Scott Rubner, Managing Director at Goldman Sachs, points out that an unparalleled $7.3 trillion is currently held in money market funds, with a substantial portion expected to migrate towards equities. "I anticipate notable shifts from money markets in the near future," Rubner commented.
This movement is likely to accelerate if the Federal Reserve decides to reduce interest rates, a move anticipated at the upcoming September meeting of the Federal Open Market Committee, as suggested by futures data on federal funds. A rate cut would diminish the returns on money market funds, currently around 5%, prompting investors to explore alternative investment opportunities.
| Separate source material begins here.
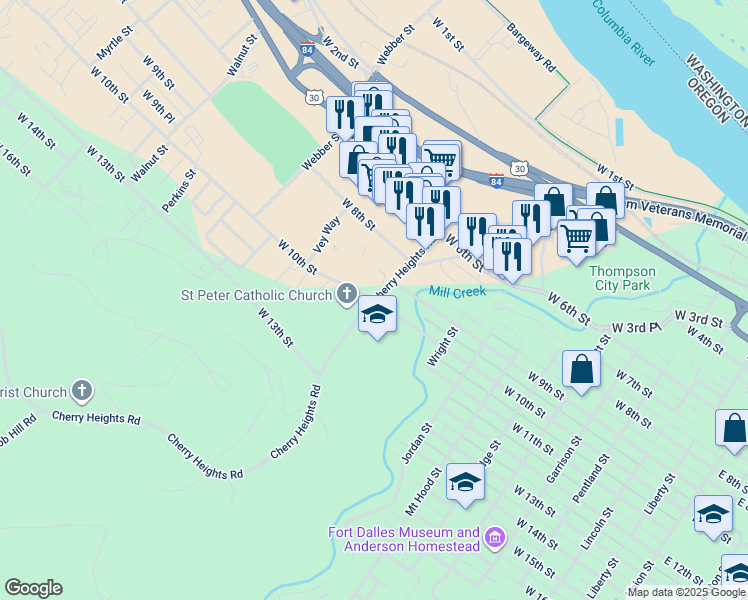 map of restaurants, bars, coffee shops, grocery stores, and more near 1201 West 10th Street in The Dalles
Rubner predicts a significant surge of funds into the stock market at the onset of July, marking the beginning of the third quarter and the second half of the fiscal year, a period traditionally associated with passive equity investments. "The advent of Q3 and 2H typically triggers rapid capital entry into equities. Approximately 9 basis points of new capital, amounting to $26 billion, are expected to be deployed this July across $29 trillion in assets," Rubner elaborated.
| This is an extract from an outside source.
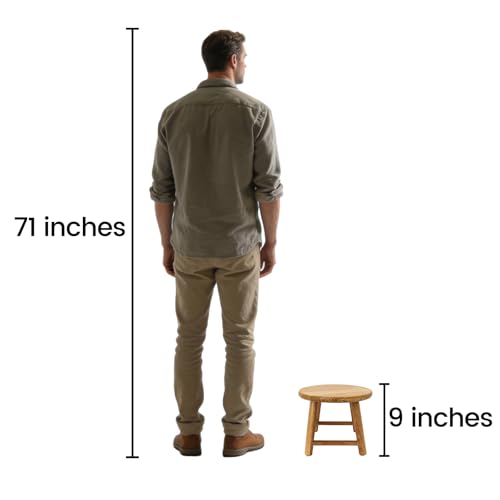 9-Inch Round Solid Oak Wood Step Stool for Kitchen and Home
He also noted that the initial two weeks of July have consistently been the most profitable trading span annually since 1928, with the first week of July showing particularly strong performance. The entire month has historically been favorable for stock markets.
"Remarkably, the NDX has seen positive returns each July for the past 16 years, averaging a gain of 4.64%," Rubner observed about the Nasdaq 100. A similar trend is seen in the S&P 500, which has posted gains every July for the last nine years, with an average increase of 3.66%.
Given the existing market highs, further gains predicted by Rubner could propel the stock market to new records. "The threshold for shorting stocks is exceptionally high, considering these prospective inflows and market dynamics," he concluded.